- WORK INSTRUCTIONS -
Once the line containing "a front yard with low maintenance plants" has been written out, stop; until then, restate each line of the entries below word for word from the first.
(EXERCISE MATERIAL Opens)
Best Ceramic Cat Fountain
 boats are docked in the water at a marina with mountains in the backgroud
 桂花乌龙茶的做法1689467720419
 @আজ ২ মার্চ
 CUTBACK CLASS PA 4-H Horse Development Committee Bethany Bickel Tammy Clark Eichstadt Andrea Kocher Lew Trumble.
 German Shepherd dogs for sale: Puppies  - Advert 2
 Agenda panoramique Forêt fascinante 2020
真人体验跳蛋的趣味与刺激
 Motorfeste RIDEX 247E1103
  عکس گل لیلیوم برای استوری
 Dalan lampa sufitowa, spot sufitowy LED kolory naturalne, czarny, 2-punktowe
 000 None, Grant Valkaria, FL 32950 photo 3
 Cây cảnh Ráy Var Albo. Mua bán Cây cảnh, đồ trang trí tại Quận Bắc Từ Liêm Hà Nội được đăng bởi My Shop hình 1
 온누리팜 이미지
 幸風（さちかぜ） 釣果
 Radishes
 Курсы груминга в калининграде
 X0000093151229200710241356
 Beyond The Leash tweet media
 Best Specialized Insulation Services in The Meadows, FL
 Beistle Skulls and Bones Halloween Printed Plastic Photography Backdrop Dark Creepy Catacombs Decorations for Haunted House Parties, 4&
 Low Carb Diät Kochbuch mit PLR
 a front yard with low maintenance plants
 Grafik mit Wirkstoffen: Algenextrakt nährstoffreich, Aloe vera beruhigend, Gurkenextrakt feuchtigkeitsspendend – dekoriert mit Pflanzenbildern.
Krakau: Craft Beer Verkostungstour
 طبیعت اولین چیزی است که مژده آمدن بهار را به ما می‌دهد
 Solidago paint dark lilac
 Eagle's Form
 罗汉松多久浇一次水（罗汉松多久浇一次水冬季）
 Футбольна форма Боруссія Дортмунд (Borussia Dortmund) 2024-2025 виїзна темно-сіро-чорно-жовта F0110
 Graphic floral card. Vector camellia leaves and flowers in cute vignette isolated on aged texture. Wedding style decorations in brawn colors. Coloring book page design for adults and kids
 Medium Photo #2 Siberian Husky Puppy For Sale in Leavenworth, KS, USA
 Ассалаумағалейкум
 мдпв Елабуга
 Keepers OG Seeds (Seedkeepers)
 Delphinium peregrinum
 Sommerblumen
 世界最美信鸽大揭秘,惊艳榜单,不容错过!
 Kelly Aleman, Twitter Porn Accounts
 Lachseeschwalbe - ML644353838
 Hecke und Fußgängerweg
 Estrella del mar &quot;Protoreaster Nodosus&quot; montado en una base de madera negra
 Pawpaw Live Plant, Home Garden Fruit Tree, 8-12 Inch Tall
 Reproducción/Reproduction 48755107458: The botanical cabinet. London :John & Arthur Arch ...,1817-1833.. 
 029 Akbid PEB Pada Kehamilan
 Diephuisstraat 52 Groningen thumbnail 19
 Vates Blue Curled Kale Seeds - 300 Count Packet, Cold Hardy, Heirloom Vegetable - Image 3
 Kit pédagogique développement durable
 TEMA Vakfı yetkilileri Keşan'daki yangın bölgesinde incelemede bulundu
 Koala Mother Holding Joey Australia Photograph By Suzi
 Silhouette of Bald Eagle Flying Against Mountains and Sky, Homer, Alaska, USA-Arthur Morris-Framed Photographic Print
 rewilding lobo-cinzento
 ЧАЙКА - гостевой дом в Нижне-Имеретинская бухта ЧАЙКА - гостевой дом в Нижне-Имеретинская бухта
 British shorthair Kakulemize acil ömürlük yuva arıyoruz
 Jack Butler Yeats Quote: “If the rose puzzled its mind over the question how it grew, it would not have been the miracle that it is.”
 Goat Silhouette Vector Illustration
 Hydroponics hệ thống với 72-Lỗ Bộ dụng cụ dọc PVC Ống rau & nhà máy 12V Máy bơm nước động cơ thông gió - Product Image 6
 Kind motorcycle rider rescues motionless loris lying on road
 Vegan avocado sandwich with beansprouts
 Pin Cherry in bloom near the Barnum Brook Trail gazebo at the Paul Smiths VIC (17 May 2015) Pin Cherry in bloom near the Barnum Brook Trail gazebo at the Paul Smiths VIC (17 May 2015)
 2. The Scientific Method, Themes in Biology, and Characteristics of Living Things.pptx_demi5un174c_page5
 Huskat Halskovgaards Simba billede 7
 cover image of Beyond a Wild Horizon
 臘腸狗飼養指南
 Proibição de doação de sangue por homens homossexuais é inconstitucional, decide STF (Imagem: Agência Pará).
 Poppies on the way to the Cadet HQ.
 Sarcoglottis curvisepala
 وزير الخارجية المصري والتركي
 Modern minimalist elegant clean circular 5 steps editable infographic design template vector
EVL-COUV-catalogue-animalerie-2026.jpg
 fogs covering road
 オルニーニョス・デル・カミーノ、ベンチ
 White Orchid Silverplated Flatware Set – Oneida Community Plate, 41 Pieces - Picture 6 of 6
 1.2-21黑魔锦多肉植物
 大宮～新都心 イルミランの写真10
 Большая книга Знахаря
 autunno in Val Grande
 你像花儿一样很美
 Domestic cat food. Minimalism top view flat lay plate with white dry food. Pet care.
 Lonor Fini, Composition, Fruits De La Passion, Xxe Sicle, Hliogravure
(EXERCISE MATERIAL Closes)
- EXERCISE RESULT -
Best Ceramic Cat Fountain
 boats are docked in the water at a marina with mountains in the backgroud
 桂花乌龙茶的做法1689467720419
 @আজ ২ মার্চ
 CUTBACK CLASS PA 4-H Horse Development Committee Bethany Bickel Tammy Clark Eichstadt Andrea Kocher Lew Trumble.
 German Shepherd dogs for sale: Puppies  - Advert 2
 Agenda panoramique Forêt fascinante 2020
真人体验跳蛋的趣味与刺激
 Motorfeste RIDEX 247E1103
  عکس گل لیلیوم برای استوری
 Dalan lampa sufitowa, spot sufitowy LED kolory naturalne, czarny, 2-punktowe
 000 None, Grant Valkaria, FL 32950 photo 3
 Cây cảnh Ráy Var Albo. Mua bán Cây cảnh, đồ trang trí tại Quận Bắc Từ Liêm Hà Nội được đăng bởi My Shop hình 1
 온누리팜 이미지
 幸風（さちかぜ） 釣果
 Radishes
 Курсы груминга в калининграде
 X0000093151229200710241356
 Beyond The Leash tweet media
 Best Specialized Insulation Services in The Meadows, FL
 Beistle Skulls and Bones Halloween Printed Plastic Photography Backdrop Dark Creepy Catacombs Decorations for Haunted House Parties, 4&
 Low Carb Diät Kochbuch mit PLR
 a front yard with low maintenance plants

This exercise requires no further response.